# What WONT your Viz eat?



## Tulip

Hi All

My Viz eats things that really suprise me, oranges, raspberries, banana, brocoli!

The things he doesn't like are cold prawns (although hot prawns are ok!) water based things such as melon, cucumber and the strangest thing of all CHIPS (fries to our american friends)!! How crazy, the smell of lovely fish and chips and he just spits them out!! :

Anyway, fascinated to hear some of your Viz's food rejects!


----------



## Kobi

His food. Other than that, I'm convinced he will eat anything.


----------



## JillandDan

Same with Holley. She will try to eat everything on the ground but give her a bowl of dog food and she won't go near it.


----------



## kellygh

2nd what Kobi & JillandDan said!


----------



## Grangeristhename

Granger is almost 16 weeks and he eats EVERYTHING he can swoop and put in his mouth. ANYTHING!


----------



## Linescreamer

Garlic


----------



## gunnr

Olives.


----------



## mswhipple

Willie rejects almost every kind of vegetable. Oh, he'll gnaw on a baby carrot if there is nothing else around, but it's obviously not his favorite thing. In his defense, he is (after all) a carnivore.


----------



## Shivangi

Dry kibble and lemon!


----------



## Candace

My V is a nut when it comes to eating! She loves fruits and veggies.... Emma LOVES carrots sticks. There are some things that she will attempt to eat when she shouldn't (like an orange peel) but she stops when she takes a bite. I have always been amazed at her eating. Our breeder said that V's can be hard to train if they aren't interested in food....So glad that wasn't the case.


----------



## clover

Osha will eat anything including her dog food. We've had to train her to do a down/stay when it's time to eat because she loves her food so much. 

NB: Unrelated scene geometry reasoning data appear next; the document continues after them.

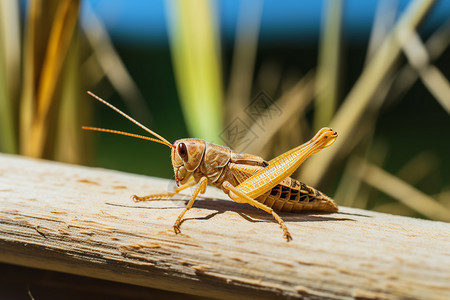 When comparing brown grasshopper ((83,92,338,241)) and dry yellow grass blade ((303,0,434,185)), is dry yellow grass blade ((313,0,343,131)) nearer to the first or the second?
dry yellow grass blade ((303,0,434,185))

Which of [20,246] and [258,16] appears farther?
[258,16]

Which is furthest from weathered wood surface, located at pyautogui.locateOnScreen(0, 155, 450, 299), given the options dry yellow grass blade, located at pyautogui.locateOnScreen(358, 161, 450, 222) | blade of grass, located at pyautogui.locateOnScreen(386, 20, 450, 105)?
blade of grass, located at pyautogui.locateOnScreen(386, 20, 450, 105)

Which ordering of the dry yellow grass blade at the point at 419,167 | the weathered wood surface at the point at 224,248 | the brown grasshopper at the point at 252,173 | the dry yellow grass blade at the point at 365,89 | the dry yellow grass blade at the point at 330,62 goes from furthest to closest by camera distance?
the dry yellow grass blade at the point at 419,167 < the dry yellow grass blade at the point at 330,62 < the dry yellow grass blade at the point at 365,89 < the brown grasshopper at the point at 252,173 < the weathered wood surface at the point at 224,248

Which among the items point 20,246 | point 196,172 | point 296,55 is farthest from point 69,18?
point 296,55

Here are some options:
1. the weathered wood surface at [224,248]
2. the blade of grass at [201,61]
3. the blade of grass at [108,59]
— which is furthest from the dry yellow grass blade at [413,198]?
the blade of grass at [108,59]

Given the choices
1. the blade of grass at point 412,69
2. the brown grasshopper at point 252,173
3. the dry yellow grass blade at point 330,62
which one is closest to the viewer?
the brown grasshopper at point 252,173

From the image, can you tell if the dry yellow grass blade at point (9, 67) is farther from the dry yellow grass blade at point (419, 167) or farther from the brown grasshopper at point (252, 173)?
the dry yellow grass blade at point (419, 167)

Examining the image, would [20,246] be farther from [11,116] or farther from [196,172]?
[11,116] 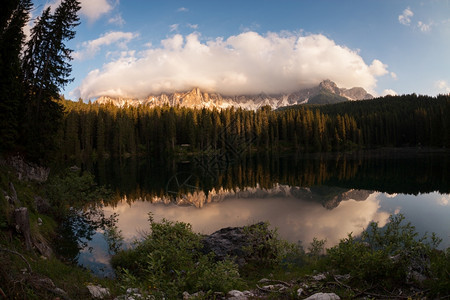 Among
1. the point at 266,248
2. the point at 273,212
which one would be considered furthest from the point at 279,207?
the point at 266,248

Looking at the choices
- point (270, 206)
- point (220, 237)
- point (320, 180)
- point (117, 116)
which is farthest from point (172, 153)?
point (220, 237)

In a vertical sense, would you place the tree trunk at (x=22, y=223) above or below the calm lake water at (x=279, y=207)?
above

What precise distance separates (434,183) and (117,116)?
386ft

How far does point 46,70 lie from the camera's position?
1004 inches

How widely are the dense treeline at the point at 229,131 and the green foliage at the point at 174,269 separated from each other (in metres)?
85.9

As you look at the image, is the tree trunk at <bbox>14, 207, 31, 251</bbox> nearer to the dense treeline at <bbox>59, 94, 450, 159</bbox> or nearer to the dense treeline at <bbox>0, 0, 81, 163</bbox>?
the dense treeline at <bbox>0, 0, 81, 163</bbox>

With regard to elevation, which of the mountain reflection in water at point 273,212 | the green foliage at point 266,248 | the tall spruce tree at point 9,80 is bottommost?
the mountain reflection in water at point 273,212

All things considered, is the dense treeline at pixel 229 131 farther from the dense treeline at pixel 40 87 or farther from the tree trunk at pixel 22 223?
the tree trunk at pixel 22 223

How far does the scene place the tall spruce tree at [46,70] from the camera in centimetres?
2425

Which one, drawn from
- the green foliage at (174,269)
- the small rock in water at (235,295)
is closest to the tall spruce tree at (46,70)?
the green foliage at (174,269)

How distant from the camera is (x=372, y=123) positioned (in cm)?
14188

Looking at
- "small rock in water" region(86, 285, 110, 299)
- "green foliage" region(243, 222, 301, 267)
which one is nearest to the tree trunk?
"small rock in water" region(86, 285, 110, 299)

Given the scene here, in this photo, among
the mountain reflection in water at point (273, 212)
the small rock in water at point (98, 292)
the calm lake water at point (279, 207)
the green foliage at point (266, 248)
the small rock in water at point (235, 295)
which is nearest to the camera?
the small rock in water at point (98, 292)

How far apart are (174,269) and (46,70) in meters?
25.7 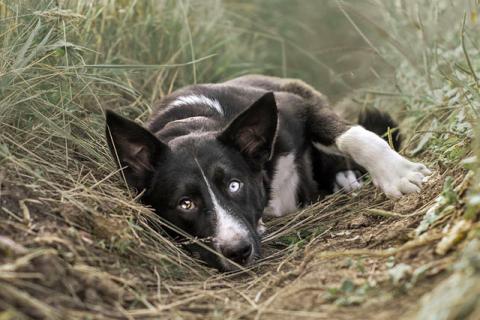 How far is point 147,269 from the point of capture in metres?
3.37

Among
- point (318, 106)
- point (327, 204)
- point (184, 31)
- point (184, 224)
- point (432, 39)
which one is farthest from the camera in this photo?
point (184, 31)

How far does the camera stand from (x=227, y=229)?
12.2 feet

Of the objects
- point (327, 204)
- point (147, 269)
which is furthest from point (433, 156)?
point (147, 269)

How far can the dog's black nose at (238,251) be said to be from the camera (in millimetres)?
3689

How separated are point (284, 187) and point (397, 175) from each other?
0.89 meters

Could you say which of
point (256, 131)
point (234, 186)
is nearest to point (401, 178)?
point (256, 131)

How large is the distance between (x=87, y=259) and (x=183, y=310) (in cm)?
45

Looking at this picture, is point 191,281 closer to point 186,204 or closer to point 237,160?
A: point 186,204

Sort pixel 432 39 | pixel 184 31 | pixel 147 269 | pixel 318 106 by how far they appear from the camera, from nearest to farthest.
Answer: pixel 147 269 < pixel 318 106 < pixel 432 39 < pixel 184 31

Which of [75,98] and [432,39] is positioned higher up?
[432,39]

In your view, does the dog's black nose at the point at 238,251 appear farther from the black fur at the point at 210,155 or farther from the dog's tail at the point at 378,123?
the dog's tail at the point at 378,123

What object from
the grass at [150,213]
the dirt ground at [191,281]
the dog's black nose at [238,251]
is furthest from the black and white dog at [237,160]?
the dirt ground at [191,281]

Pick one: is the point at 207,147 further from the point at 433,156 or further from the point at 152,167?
the point at 433,156

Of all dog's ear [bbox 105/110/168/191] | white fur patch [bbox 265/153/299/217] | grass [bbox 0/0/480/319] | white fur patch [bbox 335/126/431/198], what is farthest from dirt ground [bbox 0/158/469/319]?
white fur patch [bbox 265/153/299/217] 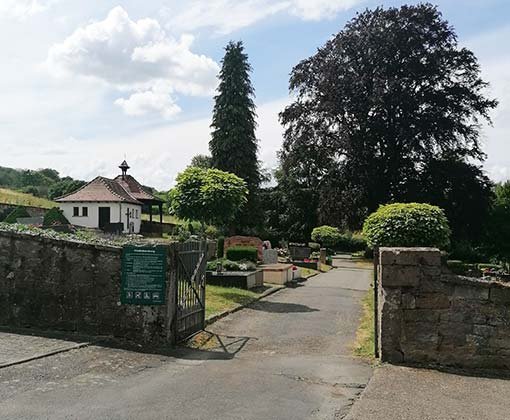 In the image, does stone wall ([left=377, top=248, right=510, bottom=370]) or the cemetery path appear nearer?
the cemetery path

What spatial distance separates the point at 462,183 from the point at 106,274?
33516 mm

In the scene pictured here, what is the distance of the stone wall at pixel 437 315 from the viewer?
8.53 m

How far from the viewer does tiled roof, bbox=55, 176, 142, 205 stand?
53919 mm

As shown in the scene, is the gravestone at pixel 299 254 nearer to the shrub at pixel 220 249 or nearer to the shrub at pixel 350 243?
the shrub at pixel 220 249

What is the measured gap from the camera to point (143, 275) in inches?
404

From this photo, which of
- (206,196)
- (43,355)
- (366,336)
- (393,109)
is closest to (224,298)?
(206,196)

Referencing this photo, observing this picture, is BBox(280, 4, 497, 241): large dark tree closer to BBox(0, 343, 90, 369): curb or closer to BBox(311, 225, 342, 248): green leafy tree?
BBox(311, 225, 342, 248): green leafy tree

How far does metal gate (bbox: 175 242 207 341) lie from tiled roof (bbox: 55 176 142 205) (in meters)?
42.6

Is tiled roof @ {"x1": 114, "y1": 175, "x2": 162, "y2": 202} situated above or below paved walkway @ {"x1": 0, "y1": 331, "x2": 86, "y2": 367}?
above

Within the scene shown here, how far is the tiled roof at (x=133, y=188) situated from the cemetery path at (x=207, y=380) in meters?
48.0

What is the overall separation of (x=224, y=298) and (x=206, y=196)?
3398mm

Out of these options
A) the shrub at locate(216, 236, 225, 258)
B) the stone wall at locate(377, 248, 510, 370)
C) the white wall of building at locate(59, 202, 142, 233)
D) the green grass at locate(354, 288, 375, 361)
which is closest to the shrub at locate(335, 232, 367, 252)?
the white wall of building at locate(59, 202, 142, 233)

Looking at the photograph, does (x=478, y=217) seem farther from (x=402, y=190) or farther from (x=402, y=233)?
(x=402, y=233)

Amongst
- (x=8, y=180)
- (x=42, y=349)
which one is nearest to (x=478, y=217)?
(x=42, y=349) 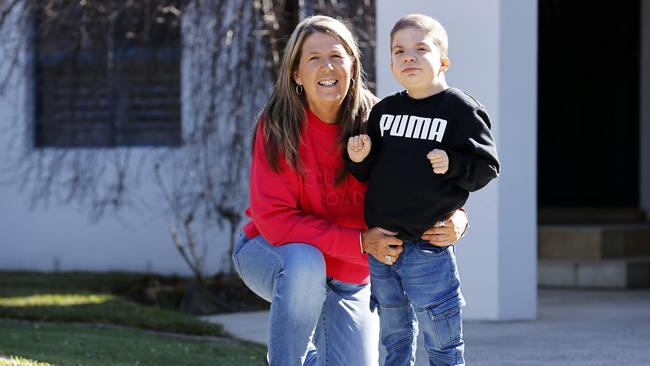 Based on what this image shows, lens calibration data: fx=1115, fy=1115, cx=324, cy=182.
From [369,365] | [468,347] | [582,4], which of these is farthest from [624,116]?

She will eat any vegetable you give her which is good for low calorie training 

She also loves to eat weird things we're not accustomed to seeing dogs enjoy: hot sauce, limes, olives, lettuce.... but her two favourites so far are blueberries and tuna. 

Tuna makes her go insane!

One time she stole a hot pepper when it fell on the ground but of course that didn't end up turning out well for any of us :S

I suppose the only thing that I could say she has no interest in is soda water. In fact, if you put a glass of it anywhere in her vicinity she will give it a very suspicious look and turn the other way. Hilarious.


----------



## Kailua

Snickers will eat mostly anything except for his flea/tick and heart worm pill that he needs to take every month. Even when we hide the pill in cheese, meat, ice cream...he'll eat the food and then spit the pill out.
Peanut and Snickers don't eat bananas, BUT will snack on the rabbit poop in the yard...


----------



## tiggers mum

Tigger adores bananas but wont eat them if they are slightly bruised !!!!!! Posh or what ??!!


----------



## Mischa

tiggers said:


> Tigger adores bananas but wont eat them if they are slightly bruised !!!!!! Posh or what ??!!


hahahhaha
I'm the same way... I like em a little green

Mischa will eat anything but lemons.


----------



## 1notenough

So far its just red leaf lettuce.they will try...spit it out and try again.not going down my throat they say.............


----------



## MaggieD

Kobi said:


> His food. Other than that, I'm convinced he will eat anything.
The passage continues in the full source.